(Beginning of SOURCE INFORMATION)
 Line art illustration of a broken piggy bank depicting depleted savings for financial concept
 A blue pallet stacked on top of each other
(End of SOURCE INFORMATION)
(Beginning of SOURCE INFORMATION)
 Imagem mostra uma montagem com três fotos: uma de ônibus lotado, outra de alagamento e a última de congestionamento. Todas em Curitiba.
(End of SOURCE INFORMATION)
(Beginning of SOURCE INFORMATION)
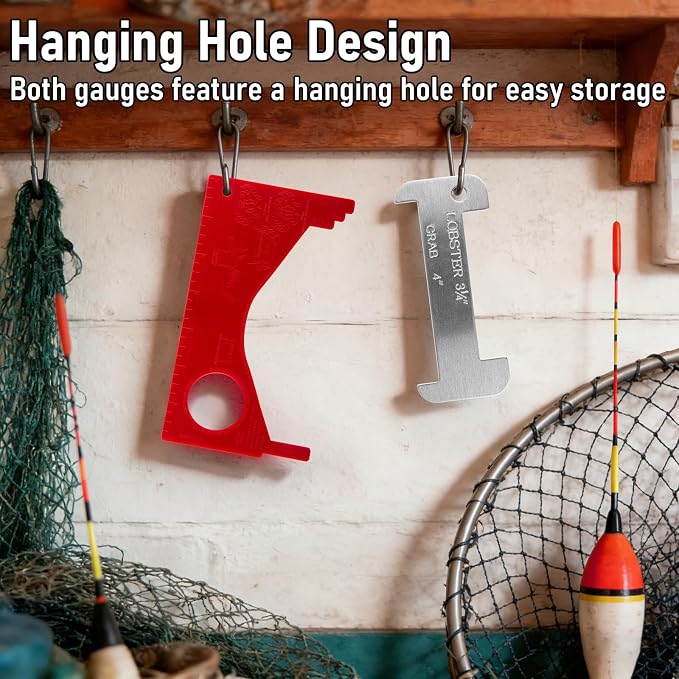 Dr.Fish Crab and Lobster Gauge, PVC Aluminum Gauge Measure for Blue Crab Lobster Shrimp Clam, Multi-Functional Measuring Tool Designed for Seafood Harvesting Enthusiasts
(End of SOURCE INFORMATION)
**EXERCISE DETAILS**
Take the entries above and return only the lines from the one with "Line art illustration" to the one with "A blue pallet stacked on top of each other", both included, unchanged.

**OUTPUT FOR THIS EXERCISE**
 Line art illustration of a broken piggy bank depicting depleted savings for financial concept
 A blue pallet stacked on top of each other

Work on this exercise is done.